At that point, a good portion of Orange County began rocking. The Angels played their popular “Rally Monkey” video on the left-field scoreboard, increasing the decibels higher than they had been at any point all weekend. Yet the Mets did not panic. Buck Showalter simply walked to the mound and did something he had never done as manager of the Mets, bring closer Edwin Díaz into the game for a five-out save.
Minutes later, Trout was back on the bench. The crisis was averted. Throngs of fans began streaming for the exits, unwilling to wait around to see Díaz record the final three outs of a 4-1 Mets victory.
“He had his big-boy stuff today,” said first baseman Pete Alonso, who homered and drove in two key insurance runs to increase his National League-leading RBI total to 57. “It sucks for the other hitters.”
When Díaz struck out the side in the ninth to complete the job, the Mets officially survived their 10-game tour of the Southern California gauntlet with a .500 record. They didn’t quite thrive, but they also didn’t quite need to, considering they began this trip with a 10 1/2-game cushion in the NL East. And while that margin is down to just 5 1/2 games, things should grow easier from here for a Mets team that seems undeniably different.
“It reaffirms what I’ve thought since the spring,” Showalter said, “that we’ve got a chance to have a really good group of people that care about competing.”
These Mets, as their 5-5 record out West attested, are not perfect. They are not immune to slumps. They are not going to roll to the division title without the defending World Series champions in Atlanta having a little something to say about it.
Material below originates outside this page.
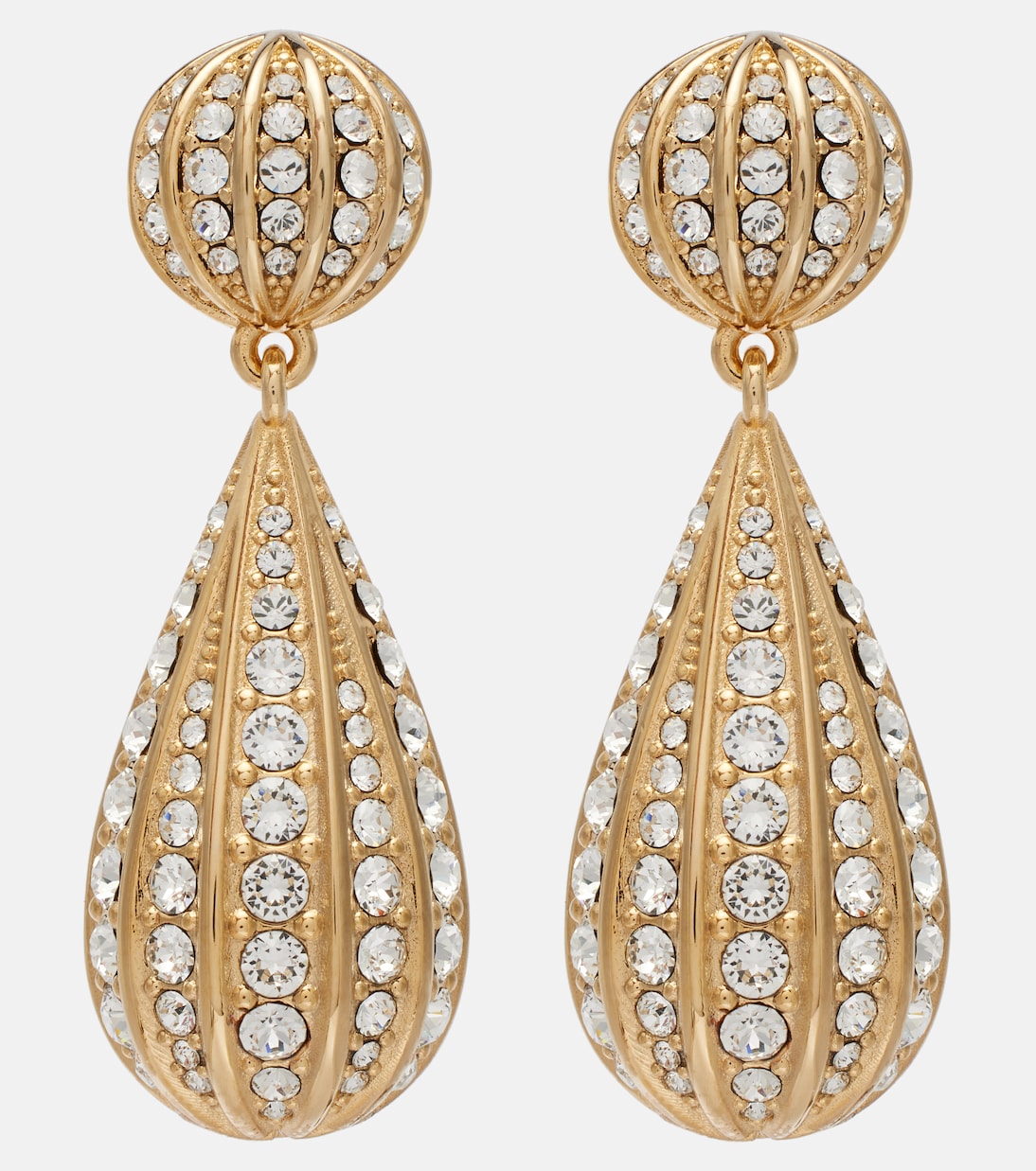 Poetiques Des Gouttes drop earrings | Valentino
So far, however, the Mets have proven capable of acing every test placed before them. Upon losing their first two games to open their road trip in Los Angeles, the Mets won three in a row to set themselves back on a proper course. After Alonso and Starling Marte suffered scary-looking injuries in San Diego, they returned days later looking no worse for wear. (In addition to Alonso’s performance on Sunday, Marte went 2-for-4 with a walk, an RBI double and a run scored in his return to the lineup).
When Sunday’s starter Taijuan Walker allowed hits to four of his first five batters, he adjusted his glove position to guard against pitch-tipping and struck out nine over five shutout innings the rest of the way.
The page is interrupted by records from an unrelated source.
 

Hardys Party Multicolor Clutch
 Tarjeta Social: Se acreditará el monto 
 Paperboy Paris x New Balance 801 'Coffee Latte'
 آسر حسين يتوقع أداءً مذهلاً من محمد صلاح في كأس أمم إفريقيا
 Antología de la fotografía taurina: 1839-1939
Then there was Díaz, whose renaissance has occurred on a larger scale. Although Díaz has been generally effective since recovering from his nightmare 2019, he’s reached a different level early this season, leading the Majors by a wide margin with a strikeout rate of 17.05 per nine innings. He fanned five of the six batters he faced in his first five-out save since last June, including Trout on a 100 mph fastball over the outer half of the plate, and Jared Walsh on a 102 mph heater.
“I feel great,” Díaz said. “I’ve been able to do my job in every situation they ask me. Every year, I improve, so this year, I think I’m doing whatever I’ve got to do to help this team.”
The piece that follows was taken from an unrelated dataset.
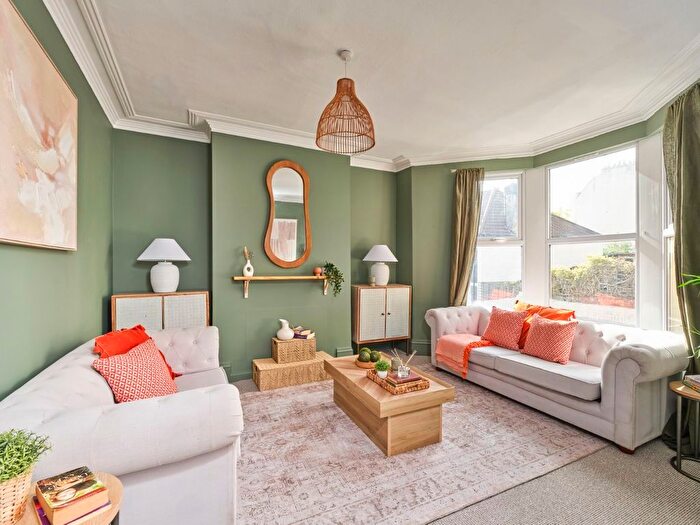 3 Bedroom Terraced House For Sale In Dowry Road, Clifton, Bristol, BS8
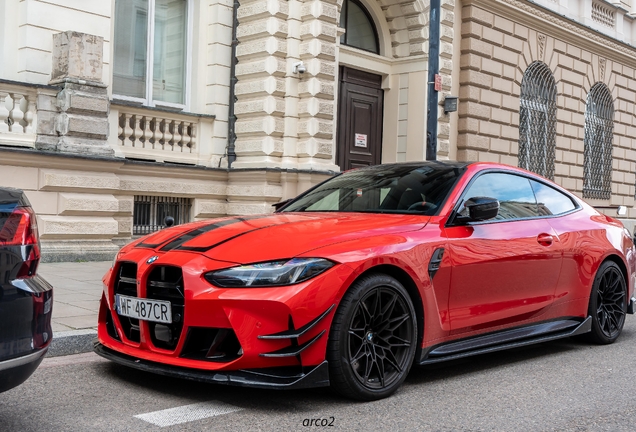 BMW M4 G82 Coupé Competition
Whether that means three-out saves or five-out runs of dominance, Díaz is one of many Mets capable of pulling more than his share of weight. That’s why, while this won’t be the last time the Mets face a quandary such as Trout coming to the plate as the potential tying run, it also won’t be the last time they overcome it.
“I step back and go, ‘OK, you’re lucky to be here to watch a really great pitcher against obviously a great hitter,’” Showalter said. “Today, the pitcher won.”